Use your base model (without tools) to analyze the query:

from typing import Literal, Optional
from pydantic import BaseModel, Field

class CourseQueryAnalysis(BaseModel):
    scope: Literal["in_scope_complete", "in_scope_incomplete", "out_of_scope"] = Field(
        description=(
            "in_scope_complete: 课程相关且信息足够,可以直接查询;"
            "in_scope_incomplete: 课程相关但缺少重要信息,需要澄清或改写;"
            "out_of_scope: 与课程信息无关。"
        )
    )
    rewritten_query: Optional[str] = Field(
        default=None,
        description="如果 scope 是 in_scope_incomplete,给出一个更完整的、适合用来查询课程信息的改写问题。",
    )
    clarification_message: Optional[str] = Field(
        default=None,
        description="如果 scope 是 in_scope_incomplete,用中文写一段发给用户的澄清/确认消息。",
    )

Then add a classifier node in your course subgraph:

def analyze_course_query(state: CourseQAState) -> dict:
    messages = state["messages"]
    analysis_model = model.with_structured_output(CourseQueryAnalysis)

    analysis = analysis_model.invoke([
        {
            "role": "system",
            "content": (
                "你是课程问答系统的分析助手。"
                "判断用户的问题是否与课程信息有关,以及信息是否完整。"
                "请严格按照 schema 输出。"
            ),
        },
        *messages,
    ])

    return {"analysis": analysis}

Now your CourseQAState should have an analysis field (e.g. analysis: CourseQueryAnalysis | None).

2. Use conditional edges in the subgraph

Rough layout of the course subgraph:

  • analyze_course_query → conditional edges:
  • in_scope_completecourse_call_model (use tools).
  • in_scope_incompletecourse_request_rewrite (ask user to confirm rewrite).
  • out_of_scopecourse_out_of_scope (explain or let outer graph route away).
course_qa_graph_builder = StateGraph(CourseQAState)
course_qa_graph_builder.add_node("analyze_course_query", analyze_course_query)
course_qa_graph_builder.add_node("course_call_model", call_model)
course_qa_graph_builder.add_node("course_request_rewrite", course_request_rewrite)
course_qa_graph_builder.add_node("course_out_of_scope", course_out_of_scope)

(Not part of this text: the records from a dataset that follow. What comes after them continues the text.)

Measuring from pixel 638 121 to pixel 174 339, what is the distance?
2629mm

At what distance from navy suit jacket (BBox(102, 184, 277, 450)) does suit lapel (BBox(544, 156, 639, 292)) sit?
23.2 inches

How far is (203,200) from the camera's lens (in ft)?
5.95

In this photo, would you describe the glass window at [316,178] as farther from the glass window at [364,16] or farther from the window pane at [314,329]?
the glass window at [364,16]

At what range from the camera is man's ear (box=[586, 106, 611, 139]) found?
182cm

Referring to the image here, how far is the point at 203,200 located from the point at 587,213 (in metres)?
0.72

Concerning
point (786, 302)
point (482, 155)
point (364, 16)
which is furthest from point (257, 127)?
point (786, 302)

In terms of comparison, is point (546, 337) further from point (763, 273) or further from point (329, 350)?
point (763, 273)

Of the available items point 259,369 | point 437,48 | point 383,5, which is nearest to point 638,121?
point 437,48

def course_scope_condition(state: CourseQAState) -> str:
    analysis = state["analysis"]
    return analysis.scope

course_qa_graph_builder.add_edge(START, "analyze_course_query")
course_qa_graph_builder.add_conditional_edges(
    "analyze_course_query",
    course_scope_condition,
    {
        "in_scope_complete": "course_call_model",
        "in_scope_incomplete": "course_request_rewrite",
        "out_of_scope": "course_out_of_scope",
    },
)

3. Implement the “incomplete but in-scope” and “out-of-scope” behaviors

Incomplete but in-scope – show rewrite + ask for confirmation:

from langchain_core.messages import AIMessage

def course_request_rewrite(state: CourseQAState) -> dict:
    analysis = state["analysis"]
    # Build a message to the user using the model's suggestion
    content = analysis.clarification_message or (
        "你的问题和课程信息有关,但还不够具体。\n"
        f"是否可以改写为:{analysis.rewritten_query!r}?\n"
        "如果可以,请回复“是”或直接使用该问题;如果不可以,请补充你想查询的课程名称/编号。"
    )
    msg = AIMessage(content=content, name="course_qa_clarification")
    return {"messages": [msg]}

Your outer supervisor will see an AIMessage and stop (as you already do), so the user can respond with confirmation. When they confirm, the next user turn can be interpreted as:

  • “Yes, use the generated rewrite” → you replace the user message in state with analysis.rewritten_query (or store it) and go through course_call_model.

Out-of-scope – clearly say it’s not the course agent’s job (or route to general_agent):

def course_out_of_scope(state: CourseQAState) -> dict:
    msg = AIMessage(
        content=(
            "这个问题不属于课程信息查询代理的职责范围,例如课程名称、时间、老师、学分等。\n"
            "你可以:\n"
            "1. 换一个与具体课程信息相关的问题;或者\n"
            "2. 让我切换到通用对话代理来尝试回答。"
        ),
        name="course_qa_out_of_scope",
    )
    return {"messages": [msg]}

If you prefer automatic routing instead of just a message, you can do that outside the subgraph (similar to how you already route between course_qa_agent and general_agent), by checking the name of the final AI message (e.g. “course_qa_out_of_scope”) and then sending the same input to general_agent.

1 Like

thanks, it seems make the progress be long, but it still worth to try.

1 Like

The Langchain learning curve isn’t that flat, it takes some time. You’re doing great! I’m still learning too.